I am using Kafka 0.8.2.2 and am trying to set up compression. I am providing the compression-codec (gzip) as an argument to the console producer like below.
./kafka-console-producer.sh --broker-list localhost:171 --compression-codec gzip --topic testTopic
Questions Is this the only place where I need to specify compression? How do I verify if compression is indeed taking place? How do I quantify the benefit I am getting from compression?
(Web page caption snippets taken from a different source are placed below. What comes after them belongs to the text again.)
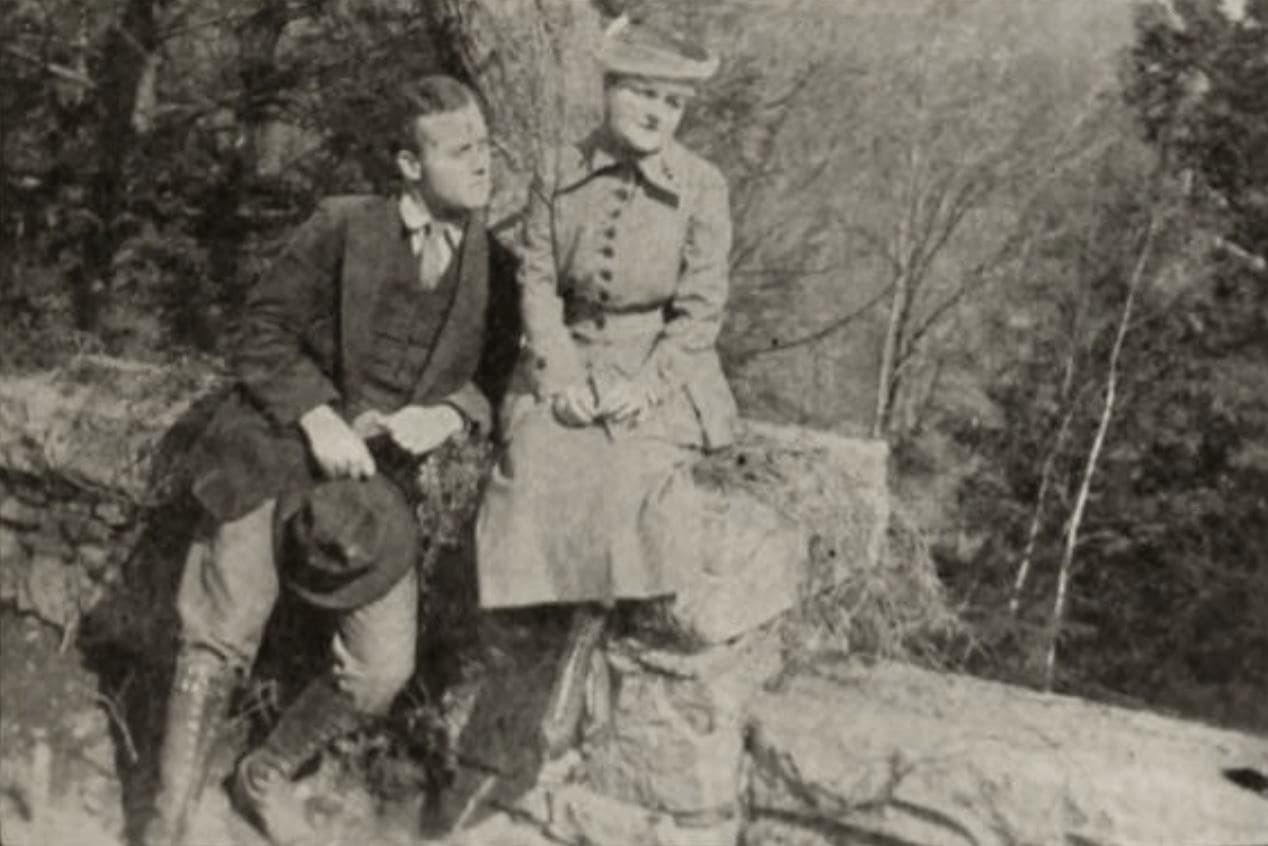 Hesper of the Mountains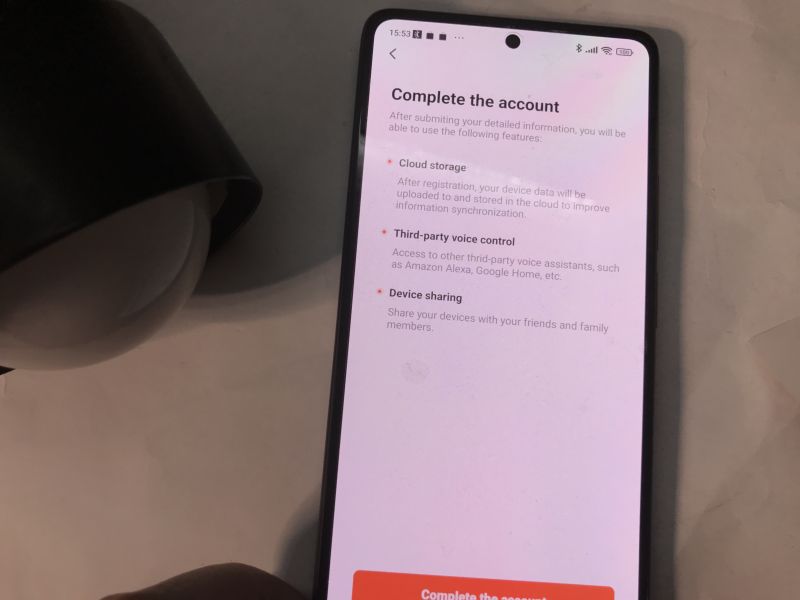 How much does Tuya's Wi-Fi controlled LED lamp heat up? Changing the firmware and extending the life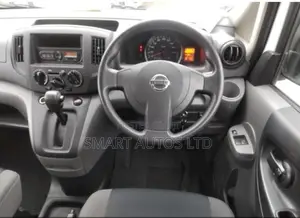 Nissan NV200 S 2017 White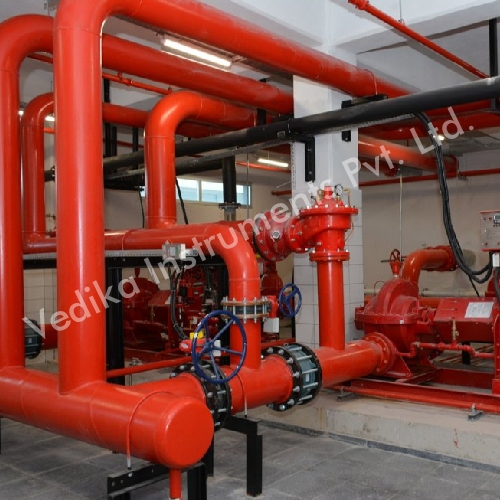 Fire Fighting System Manufacturers in Uttar Pradesh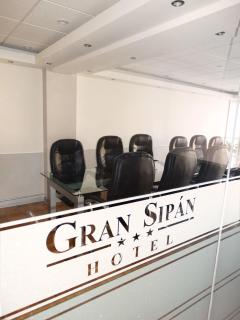 Hotel Gran Sipan - 3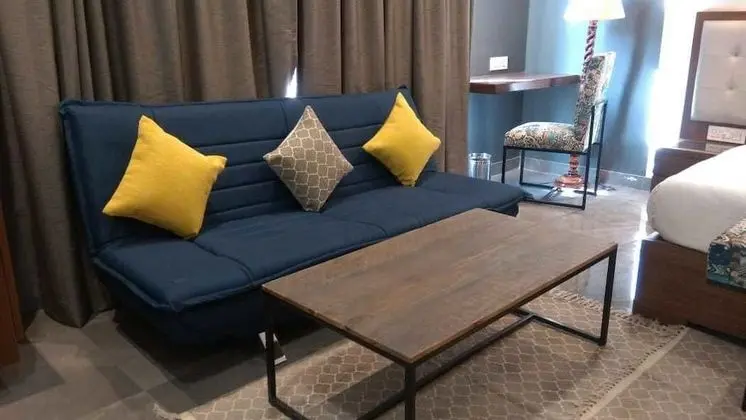Deluxe Oda, Engellilere Uygun, Bahçe Manzaralı
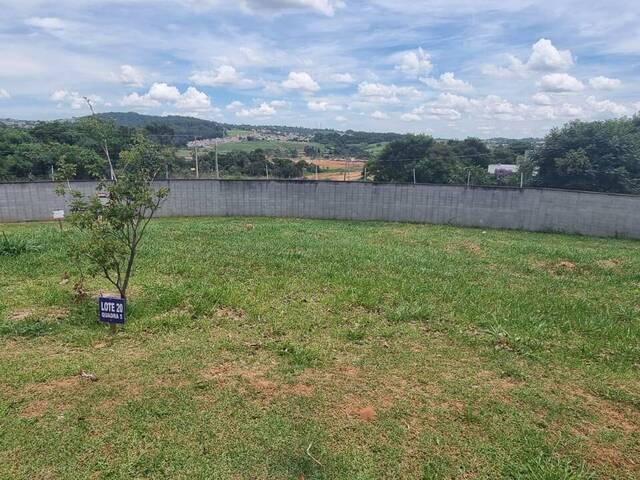 #406 - Terreno em condomínio para Venda em Itupeva - SP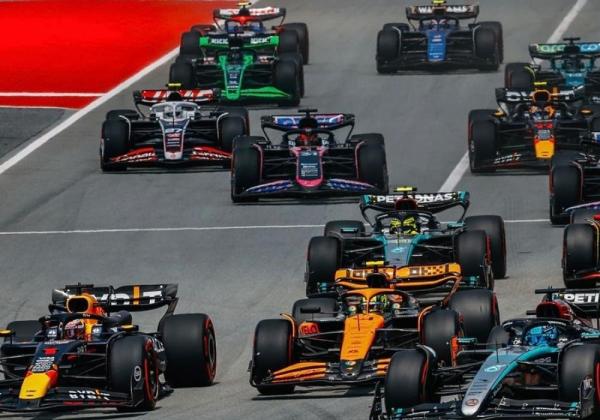 Jadwal Formula 1 GP Inggris 2024: Panggung Pembalap Tuan Rumah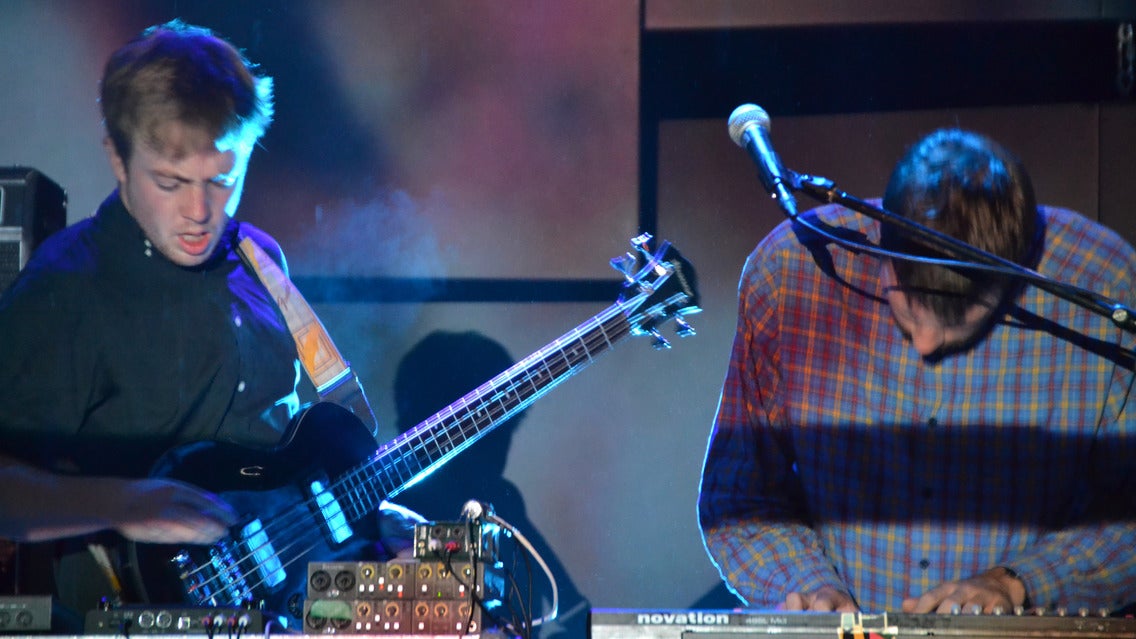 Mount Kimbie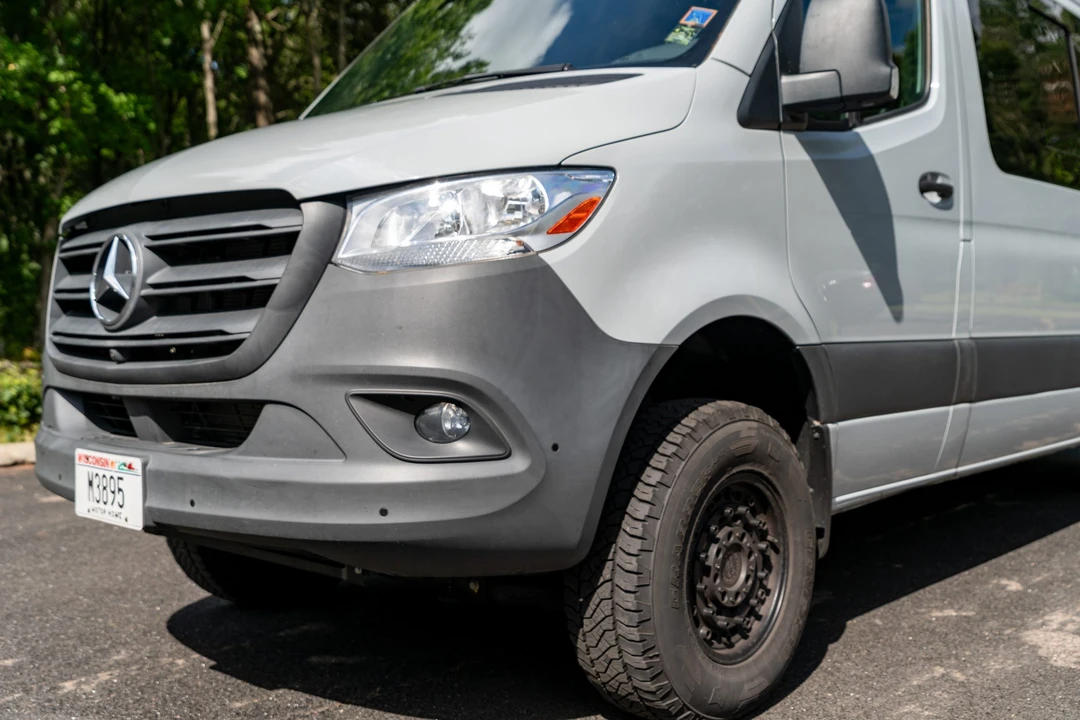 2022 Mercedes-Benz VS30 Sprinter - Image 15 of 31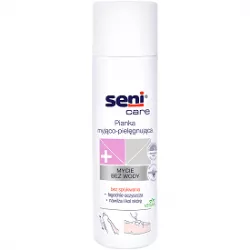 Seni Care Pianka myjąca do ciała x 500ml Pielęgnacja chorego TORUŃSKIE ZAKŁ. MATERIAŁÓW OPATRUNKOWYCH S.A.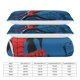 thumbnail image 2 of Spider-Man Bedding Comforter Sets 3-Piece Bedding Set Soft Warm Bed Set for Bedroom All Season, 2 of 5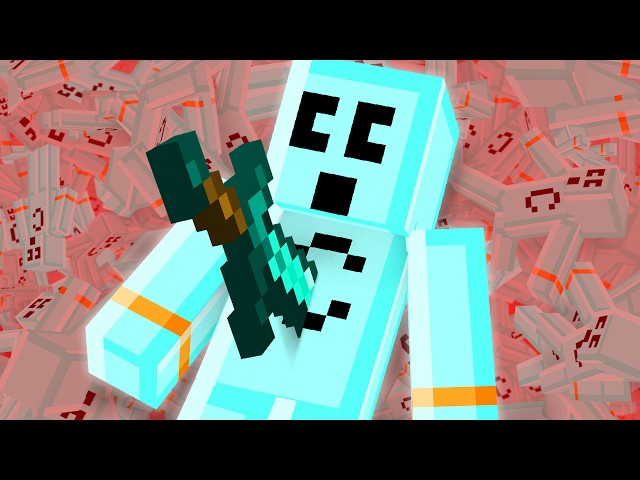 Minecraft but With Too Many Deaths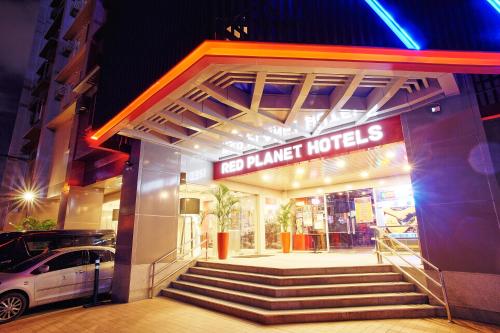 Red Planet Makati Manila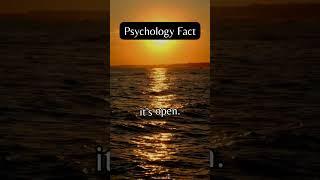 Psychology Facts #facts #foryou #motivation #hashtag #psychology #psychologyfacts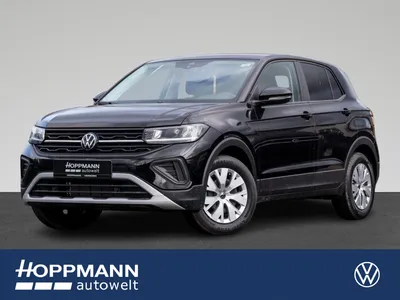 VW VW T-Cross 1.0 l TSI 95 PS 5-Gang App-Connect im Auto Abo von Null-Leasing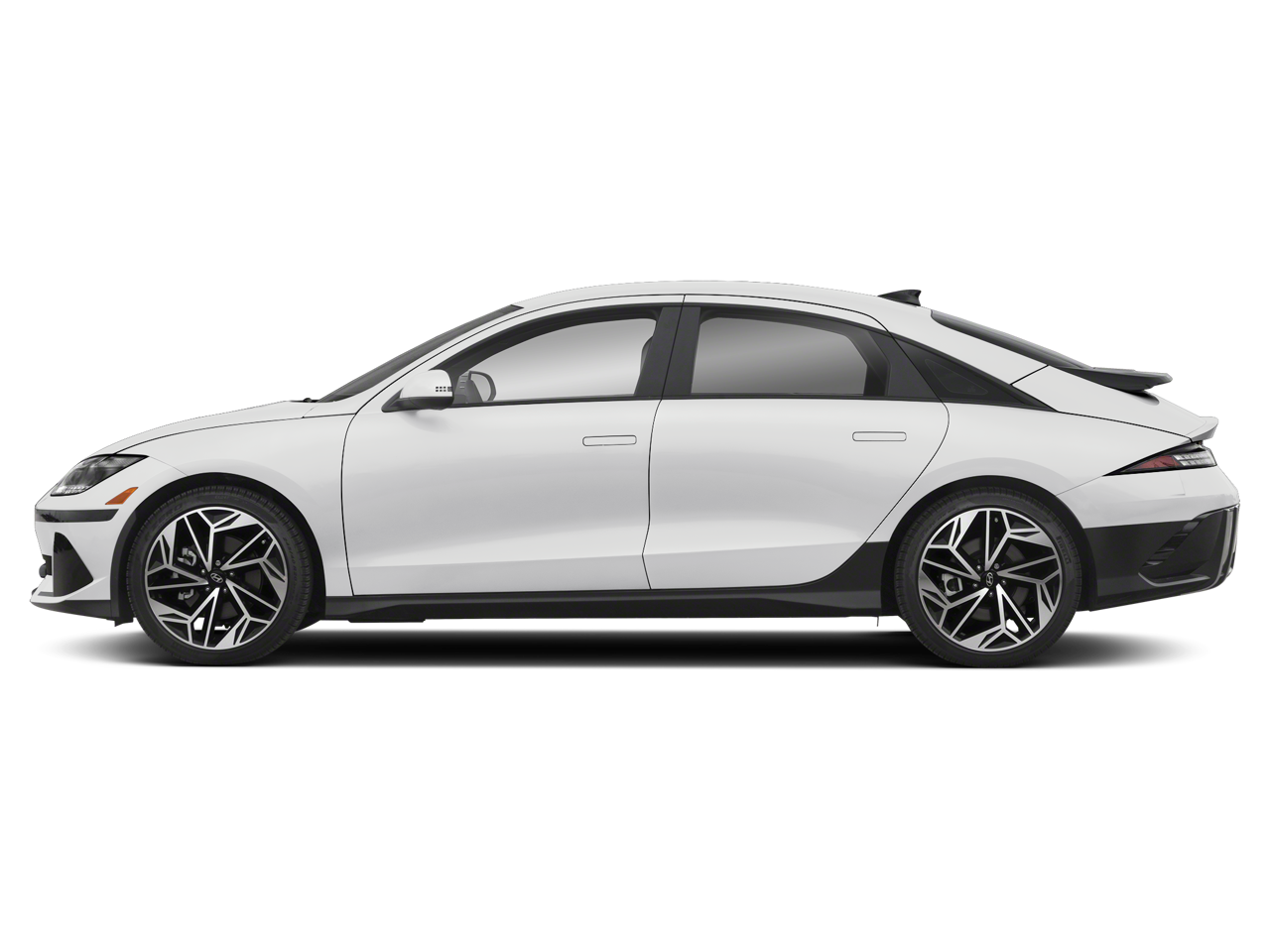 2025 Hyundai IONIQ 6 SEL - Photo 28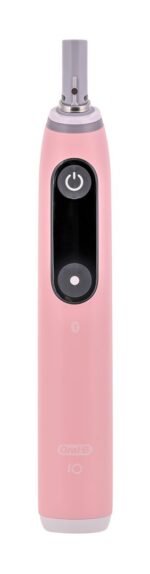 Oral-B iO Series 6 Pink Sand Luxe Edition electric toothbrush - imagine 2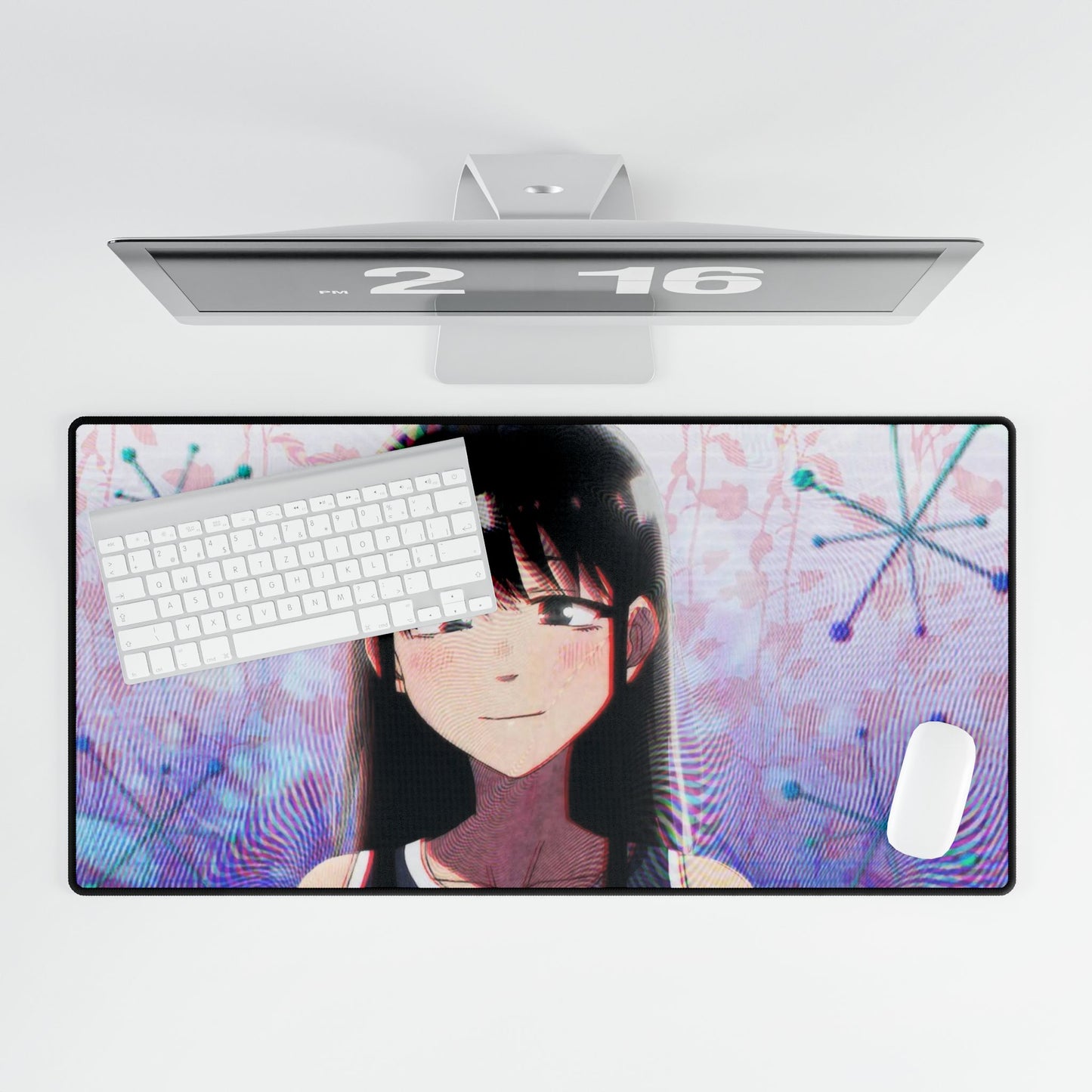 Call of the Night Mouse Pad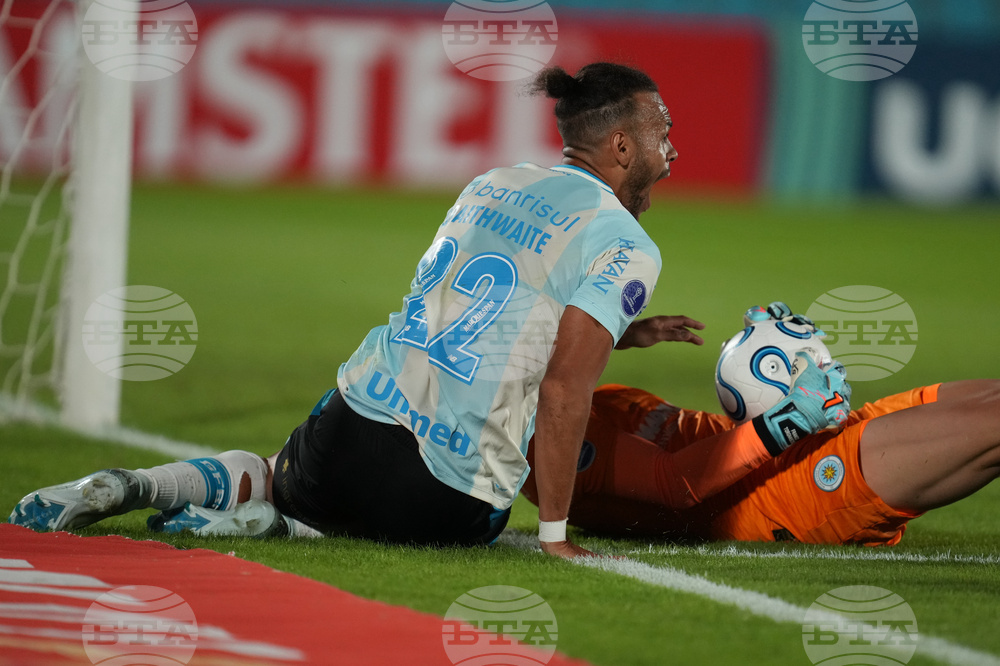 Uruguay Brazil Copa Sudamericana Soccer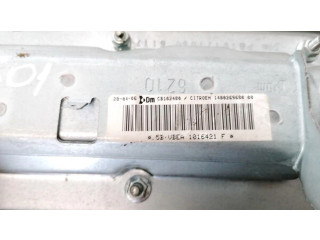 Подушка безопасности пассажира CB102480, 140026968000 Citroen C8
What files (.index, .log) I should look for and compare the sizes with and without compression to estimate the benefit?
How to verify if compression is happening?
Use DumpLogSegments
tool and substitute your dir location / log file name (default log.dir
is /tmp/kafka-logs
)
bin/kafka-run-class.sh kafka.tools.DumpLogSegments --files /your_kafka_logs_dir/your_topic-your_partition/00000000000000000000.log --print-data-log | grep compresscodec
You will see something like below:
baseOffset: 0 lastOffset: 0 count: 1 ... compresscodec: NONE ...
baseOffset: 1 lastOffset: 1 count: 1 ... compresscodec: GZIP ...
baseOffset: 2 lastOffset: 2 count: 1 ... compresscodec: SNAPPY ...
baseOffset: 3 lastOffset: 3 count: 1 ... compresscodec: LZ4 ...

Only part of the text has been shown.